# Your clyde-proof 29er build



## HelmutHerr (Oct 5, 2012)

So, if you were going to build up an all-purpose 29er that could reliably carry a 220lb+ rider through the roughest terrain for a few years with the lowest likelihood of weight-induced breakage, what would it be?

Price is no object.


----------



## jonshonda (Apr 21, 2011)

Canfield Yelli Screamy, Banshee Paradox. Two most burly 29ers I have found.


----------



## HelmutHerr (Oct 5, 2012)

With stock parts?


----------



## jonshonda (Apr 21, 2011)

HelmutHerr said:


> With stock parts?


Ohhh, sorry. I think if you do some searching you will find hope or CK hubs on flow hoops, and Shimano SLX or Saint crankset.

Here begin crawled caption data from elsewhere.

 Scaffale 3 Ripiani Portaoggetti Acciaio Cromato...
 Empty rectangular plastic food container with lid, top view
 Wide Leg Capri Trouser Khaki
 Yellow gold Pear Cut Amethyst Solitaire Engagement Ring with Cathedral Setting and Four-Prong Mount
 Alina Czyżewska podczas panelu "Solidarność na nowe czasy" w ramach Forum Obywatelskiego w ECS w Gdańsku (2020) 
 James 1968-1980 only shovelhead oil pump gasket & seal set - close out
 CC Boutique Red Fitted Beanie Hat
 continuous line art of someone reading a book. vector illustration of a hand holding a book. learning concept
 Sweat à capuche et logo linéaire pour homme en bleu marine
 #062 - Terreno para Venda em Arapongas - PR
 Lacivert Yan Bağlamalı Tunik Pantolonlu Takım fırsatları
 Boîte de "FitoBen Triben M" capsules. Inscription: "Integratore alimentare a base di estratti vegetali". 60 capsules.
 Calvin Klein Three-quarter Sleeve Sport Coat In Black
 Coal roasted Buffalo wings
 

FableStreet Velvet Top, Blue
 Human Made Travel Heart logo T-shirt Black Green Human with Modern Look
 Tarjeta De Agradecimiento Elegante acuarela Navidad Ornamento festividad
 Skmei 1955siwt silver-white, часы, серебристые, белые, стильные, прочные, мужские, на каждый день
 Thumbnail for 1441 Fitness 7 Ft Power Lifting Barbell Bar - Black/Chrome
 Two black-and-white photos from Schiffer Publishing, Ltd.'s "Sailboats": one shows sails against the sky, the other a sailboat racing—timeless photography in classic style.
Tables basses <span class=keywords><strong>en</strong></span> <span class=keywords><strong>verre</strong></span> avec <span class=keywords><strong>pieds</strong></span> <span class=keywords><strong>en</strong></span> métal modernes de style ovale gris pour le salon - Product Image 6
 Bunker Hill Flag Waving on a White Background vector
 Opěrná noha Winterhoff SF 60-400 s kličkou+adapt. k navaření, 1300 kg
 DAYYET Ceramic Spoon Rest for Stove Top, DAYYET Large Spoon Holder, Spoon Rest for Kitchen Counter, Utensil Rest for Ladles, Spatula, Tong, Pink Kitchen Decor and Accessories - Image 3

Big brakes (shimano) and thompson parts.

/thread


----------



## GTscoob (Apr 27, 2009)

For price is not object, look for Hadley or Industry9 hubs, Cane Creek 110 headsets, XTR/Saint drivetrain and brakes. Enve rims. 

Thomson cockpit components arent indestructable but they last longer than most things. Chromag also has some really nice bars/stems if you dont care about price. So does Enve if you're wanting CF.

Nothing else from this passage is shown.